Calmo ejercicio sólo para contemplativos
«La muerte no siempre tiene tiempo de ocuparse de todos», reflexiona el protagonista de esta historia, y parece agregar «y eso que llega un ratito nomás». Ya algo encorvado por los años que doblegaron su altura, ya rugoso y acaso algo desdentado tras la pelambre del rostro, pero todavía capaz de hablar bien alto cuando se hace necesario, o de caminar unos cuantos kilómetros si corresponde hacerlo (y éste es el caso), nuestro personaje es un viejo solitario, pero no insociable, a quien vemos en una jornada bastante particular para él.
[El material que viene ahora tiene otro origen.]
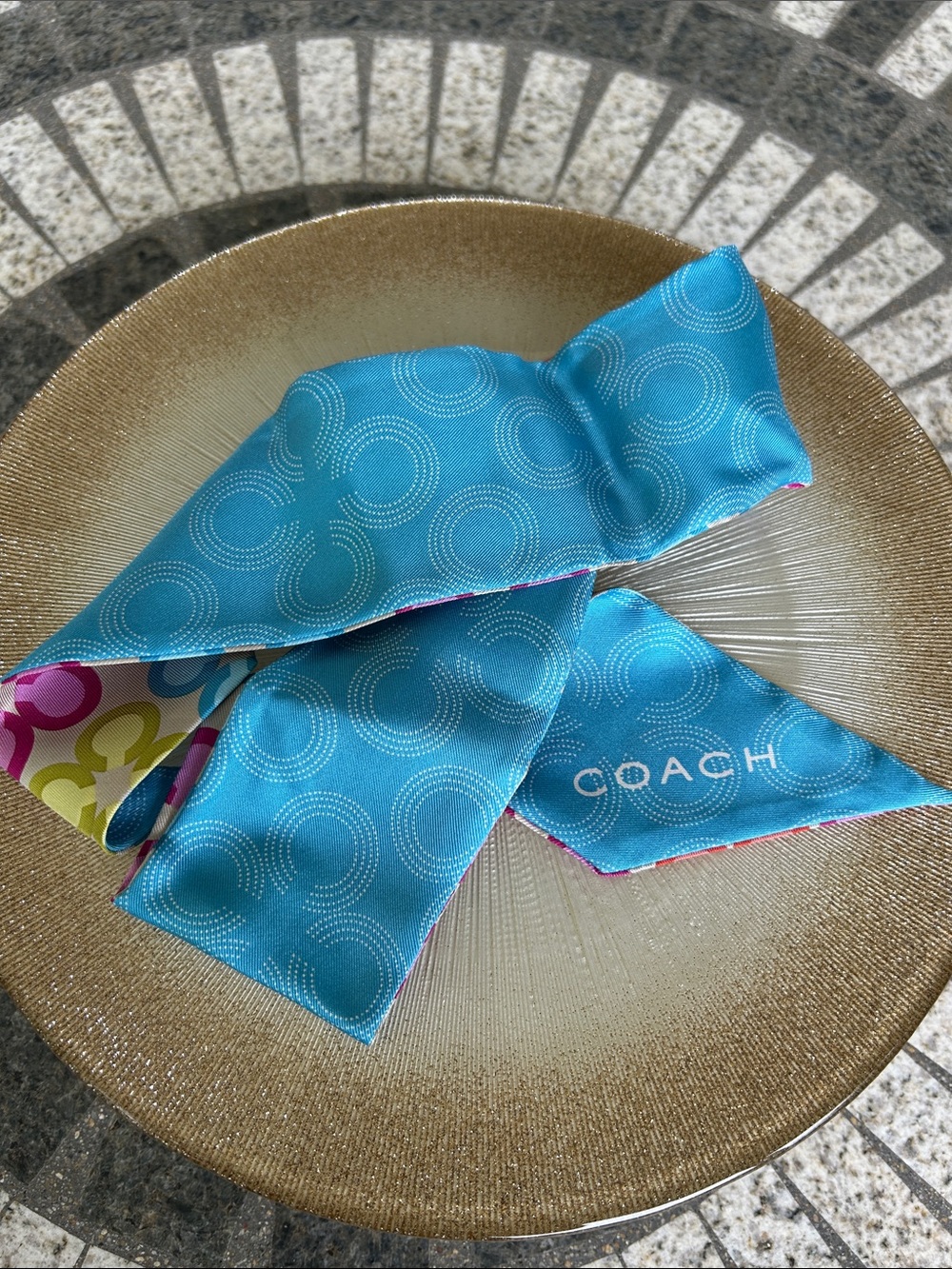 Coach Multicolor and Blue Signature Twilly - Picture 3 of 4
Ha desplantado un arbolito y se lo está llevando a alguien del otro lado del pueblo.
Así lo vemos caminar con paso mantenido, pedir siempre permiso para sentarse un rato, y cruzarse con perros que algún significado tienen, como iremos advirtiendo. Hay unos medio bravos, que salen de golpe y hacen tropezar a cualquiera, otro medio fantaseado y tal vez medio cierto, en el relato muy bien hecho de un paisano, y uno achacoso, casi como un espejo de sí mismo. Al verlo, indirectamente y con la dura aceptación del hombre de campo, el viejo le aconseja a un niño no acariciar tanto al pobre animal. «Ya no sirve como perro». Después dirá del niño «Se está haciendo hombre». Hacerse hombre es también aceptar que el perro «ya no sirve».
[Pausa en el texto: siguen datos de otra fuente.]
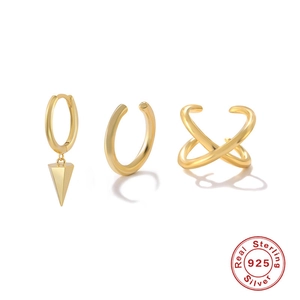 Detailed view of a 3-piece set of 925 sterling silver gold-plated ear cuffs and studs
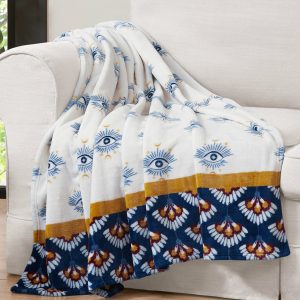 Celeste Plush Throw Plush in White & Navy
No pasan muchas otras cosas. La calma de la pampa sigue siendo eterna, también los días, y las costumbres, aunque ahora haya camionetas y el viajero compre agua embotellada en el almacén en vez de pedirla y recibirla amistosamente en cualquier casa, fresca, recién bombeada. Miguel Baratta y Patricio Pomares iniciaron esta pequeña historia como tesis para recibirse cuando estudiantes. Con el tiempo, la vieron en Masa Latina (la pequeña productora de Sergio Mazza, el de «Graba») y armaron una sociedad para extenderla y estrenarla. Aunque el resultado final dura apenas 65 minutos, la extensión no la favorece demasiado. Al contrario, diluye un poco su pequeña metáfora, cercana en espíritu a «La mecha» de Raúl Perrone. Así como está, queda solo para el gusto de los contemplativos, de quienes suelen evocar los tiempos de antes y la vida en provincia, y, eso si, para placer de quienes saben apreciar la guitarra criolla que suena calma y hermosamente sobre el paisaje de la llanura. Rodaje en Carlos Keen, a pocos kilómetros de Capital Federal.